Driving to Moab is the halfway mark of The Grand Circle, at least it was for me. I spent three nights in Moab and it was plenty of time to rest and see Arches National Park and Island in the Sky, although if you’re happy in the outdoors, you could spend months and not want to leave.

We were lucky enough to stay in a fun little Airbnb with 1960s interior decor and a large hot-tub in the back, which made the cold stays in the cabin and camping sites of the previous days evaporate away under the desert skies and cold evening air.

Day 7
Arches National Park
The best time to go is before sunrise. Early morning is when few people will be heading to the park, right before dawn. That way you can hike the 1.5 mile steep climb up the rocks to see Delicate Arch, take photos, and come back before the crowds. Then go to Devils Garden and see how far you can take the 7.2 mile roundtrip “primitive” trail to see the arches!

Warning – don’t go beyond Double O Arch if you have vertigo or fear of heights. The trail goes for roughly 100 feet over a long stretch of rock “fin” with steep drop-offs on either side and occasionally, strong winds. With the clothing we had on, we could not do it. The wind would fill the air-pockets in our clothes and lift us up like a parachute.

Until the Double O Arch, you can see the magnificent Landscape Arch, truly natural beauty. Not far along is the Partition Arch and the Navajo Arch, with a little body of water inside and a pine tree. It is all beautiful in Arches National Park. The loop to Double O Arch and back is 4.2 miles round-trip. Wear hiking shoes and bring water and food to eat later when you are done. There is still plenty to see afterwards, on the drive out of the park, from Fireside Furnace, Balanced Rock, the Windows, and the La Sal Mountains.

Day 8
Island in the Sky

By far one of the most remotely beautiful places in the region, Island in the Sky has a special beauty because it is located a mile high.

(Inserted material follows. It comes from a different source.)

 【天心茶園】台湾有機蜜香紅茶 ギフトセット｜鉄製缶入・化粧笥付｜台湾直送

The road winds up to the top of a plateau where grass and trees grow and eagles land in the rocks away from people. With not many large parking lots, Island in the Sky is not made for crowds. It is for those who seek serenity and peaceful moments, who can appreciate the exertion it takes to see a stunning view off a trail, because although the drive in is beautiful, it was off the trails about a mile or two in that I truly admired the surrounding landscape away from cars and traces of people’s work.

The best places to go in a short day are Mesa Arch, White Rim Overlook (we didn’t go on this trail this trip, as the Grand View Point goes roughly the same direction), Grand View Point, Murphy Point, and Upheaval Dome.

Day 9
Scenic Byway 24, Goblin Valley, Capitol Reef National Park

Leaving Moab, the 191 turns into a desert and you’ll have to take the 70 west back to Las Vegas, in that direction, at least. Scenic Byway 24 is one of America’s most beautifully scenic drives, and I recommend taking it if you’re going that direction. On it, you’ll see Goblin Valley State Park, one of Utah’s hidden treasures, and see stunning views all the time.

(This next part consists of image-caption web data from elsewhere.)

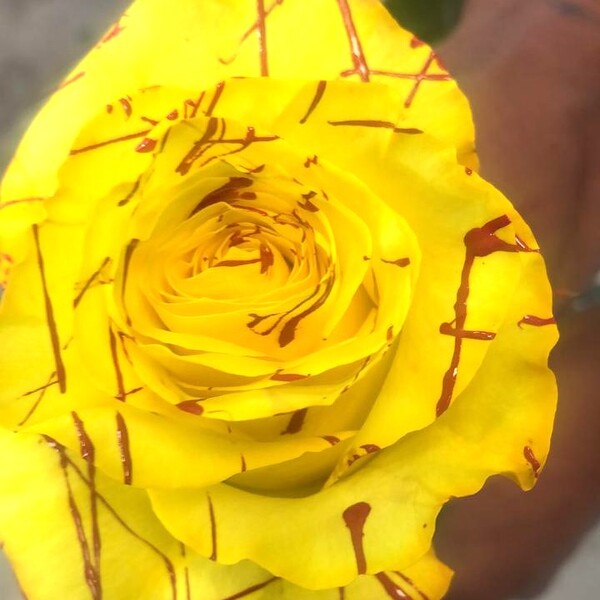 ROSA CATALANA 60CM ESQUITXADA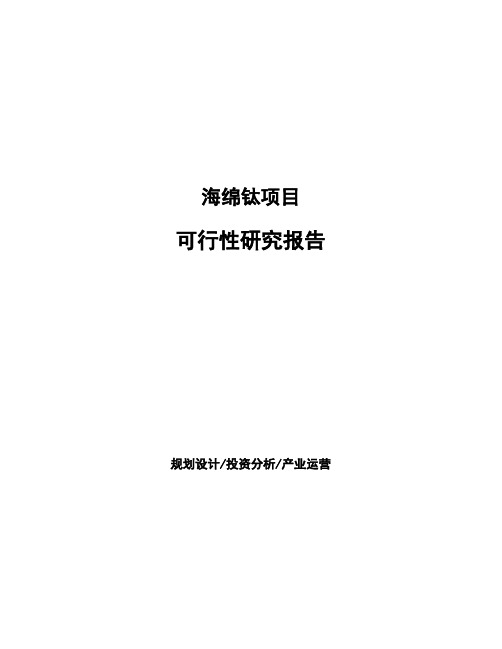 海绵钛项目可行性研究报告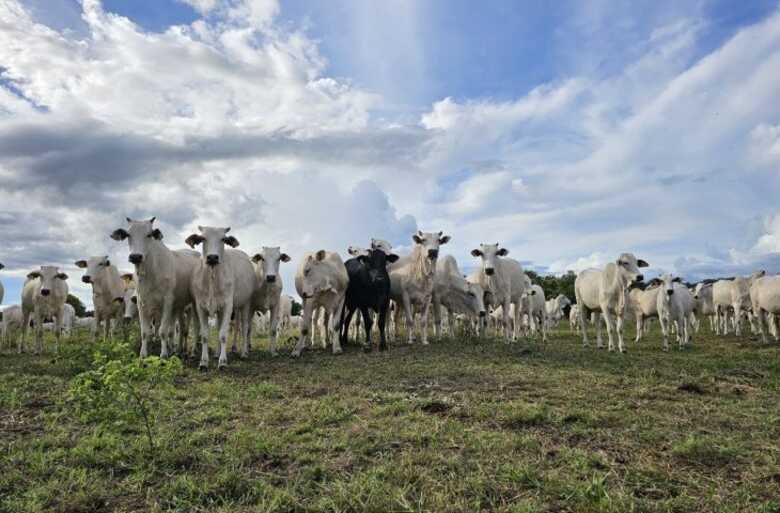Pastagens t&ecirc;m sido recuperara pelo Governo de MS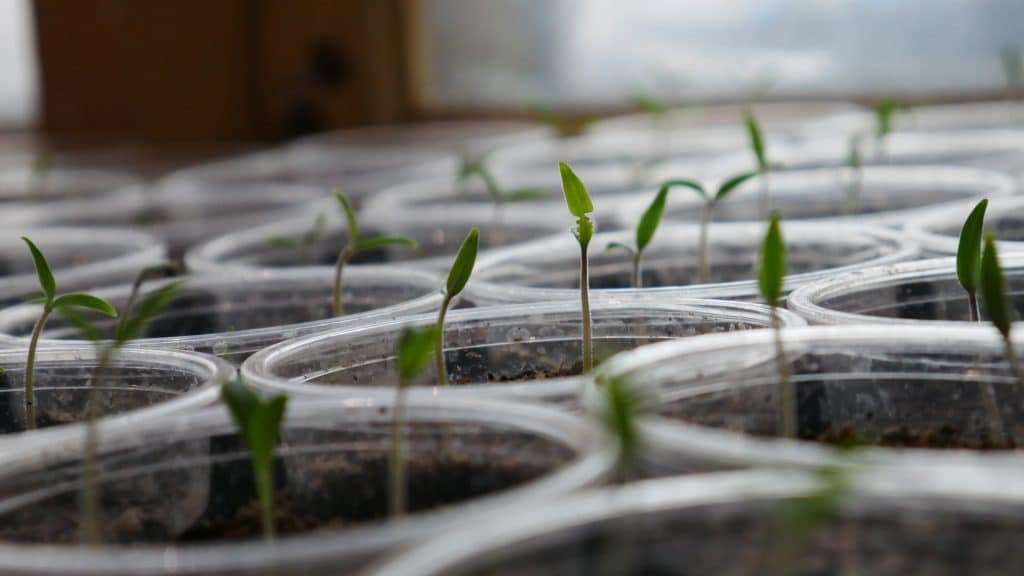 Vertical Farming Mark Esposito Hult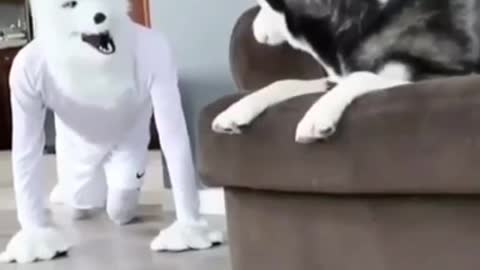 Funny moments with Husky dog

Captiol Reef National Park is beautiful, during the day or at sunrise or sunset. There are not many restaurants or places to get food, so be aware, it’s only a small town in Torrey. That’s what makes staying there fun. It’s the camping experience of being in the old southwest that is evoked here. I recommend the La Cueva Mexican Restaurant for its friendly service, big portions, and hot, good food.

Day 10
Captiol Reef National Park

The two best short hikes are Hickman’s Bridge, a 2 mile round-trip loop to a natural rock bridge and stunning canyon views, and Cassidy Arch, a steep 3.2 mile round-trip climb around the edge of the mountains to see Butch Cassidy’s hideout.

Day 11
Bryce Canyon and Kodachrome Basin, Grand Staircase, etc.

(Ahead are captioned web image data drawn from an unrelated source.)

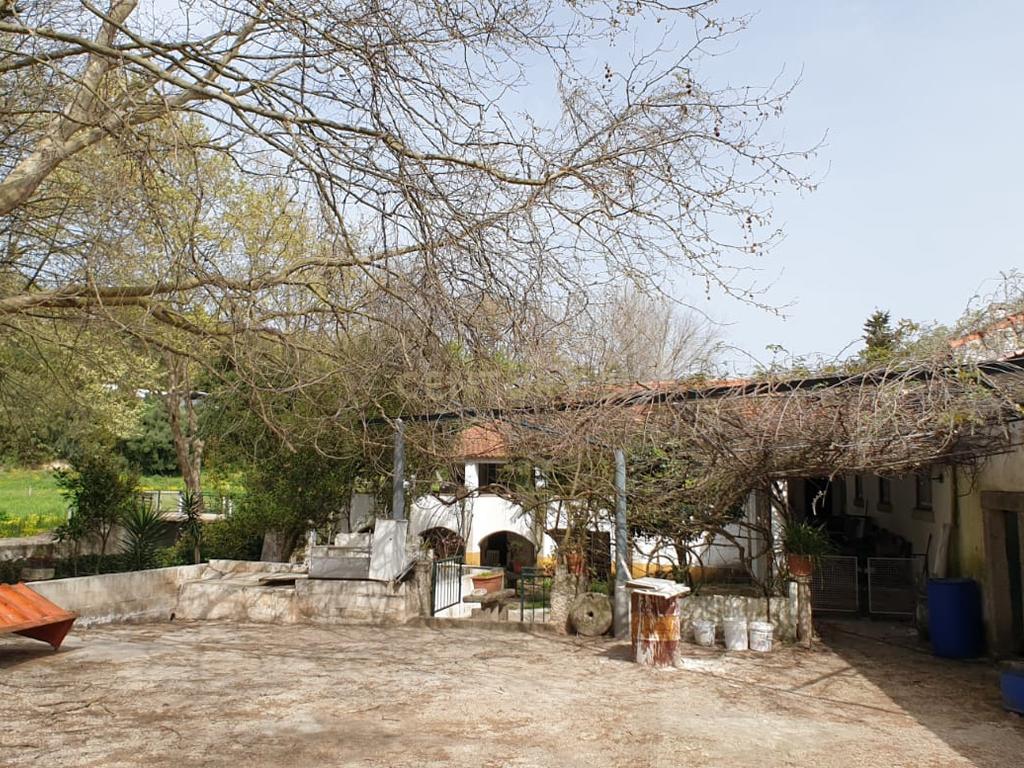 Quinta Centenária à venda em Caxias - Image 45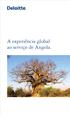 A experiência global ao serviço de Angola.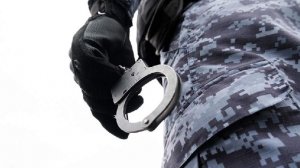 Задержан подозреваемый в похищении девятилетней девочки в Смоленске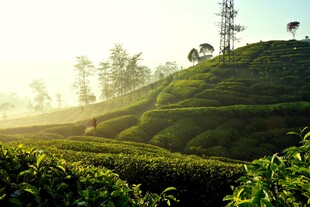 晨曦中的翠绿茶山美景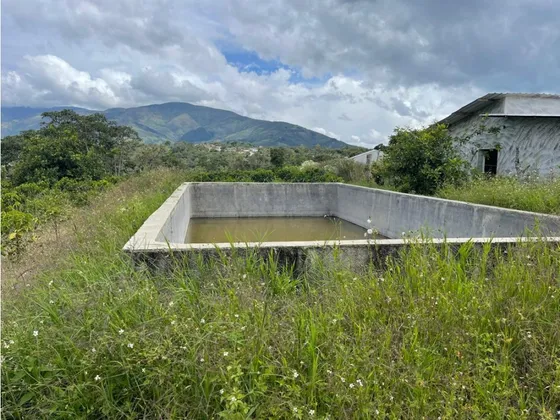 Finca Cafetalera 8 Hectareas Bocono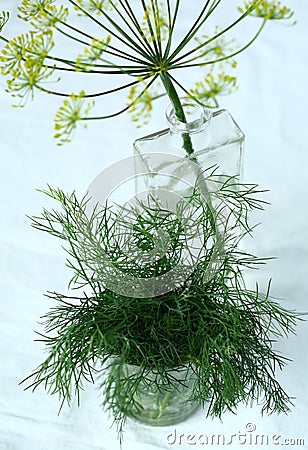 Dill Stock Photo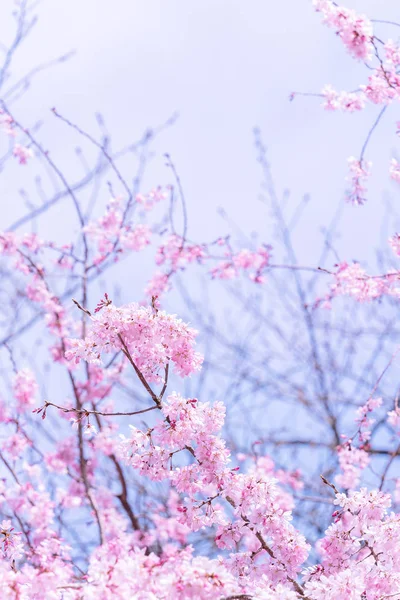 Красива вишнева квітка сакура цвіте навесні в парку замку, копіювання простору, крупним планом, макро . — стокове фото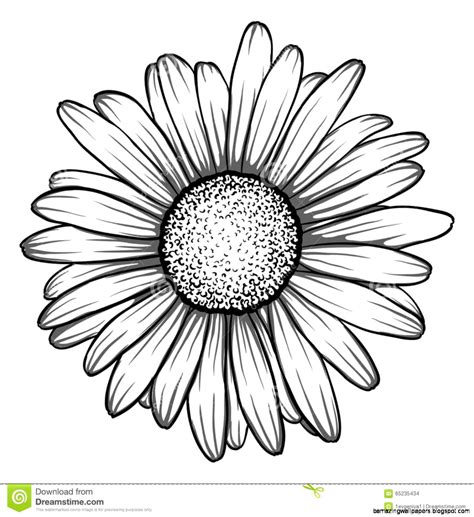 Single continuous line drawing beauty and exotic vector. Daisy Drawing | Amazing Wallpapers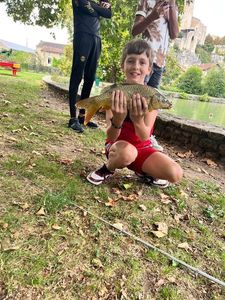 Common Carp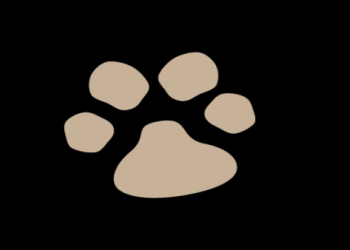 思念毛小孩骨灰盒怎麼挑？材質設計都要符合回憶啦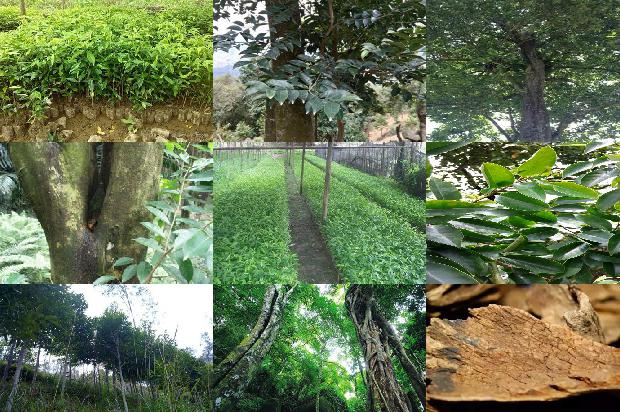 沉香苗的种植技术1697933391457 沉香苗的种植技术1697933391457
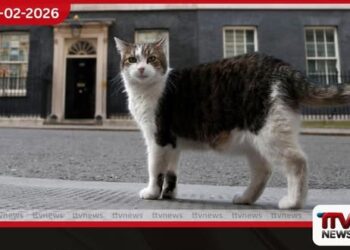 බ්රිතාන්ය දේශපාලන ස්ථාවරත්වයේ සංකේතය ලැරී පූසා වසර 15ක් සපුරයි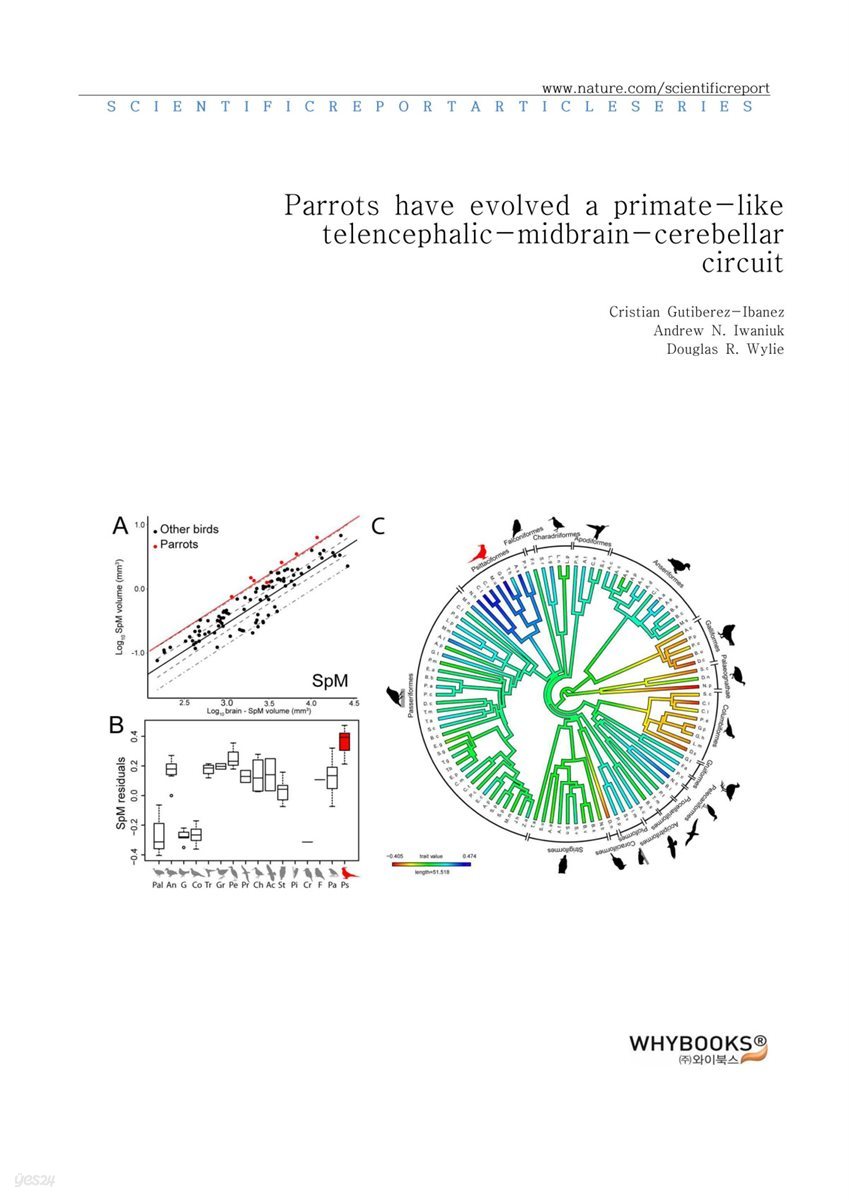 Parrots have evolved a primate-like telencephalic-midbrain-cerebellar circuit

Leaving Capitol Reef taking the Scenic Byway 24/Highway 24, you’ll drive through an alpine forest with views of mountains and snow. It’s absolutely beautiful. Larb Hollow is a great place to stop and take photos and see how far you have come along the Grand Circle, and to go onwards through the Grand Staircase in Escalante and drive towards Bryce Canyon. Along the way, you’ll pass Anasazi Village (I did not stop here), Petrified Forest (I did not stop here either), and the Kodachrome Basin State Park, which has spectacular views of delicate sand formed geological rock formations that geologists call the Entrada.

Bryce Canyon is absolutely breathtakingly beautiful. To take photos of its beauty is almost damaging the parks beauty because it does not capture the crystal castle-like, pure beauty of the natural state of the park. Please don’t mar the park’s beauty by tampering with it while you are here. Like the Antelope Canyons, there is something special about Bryce Canyon.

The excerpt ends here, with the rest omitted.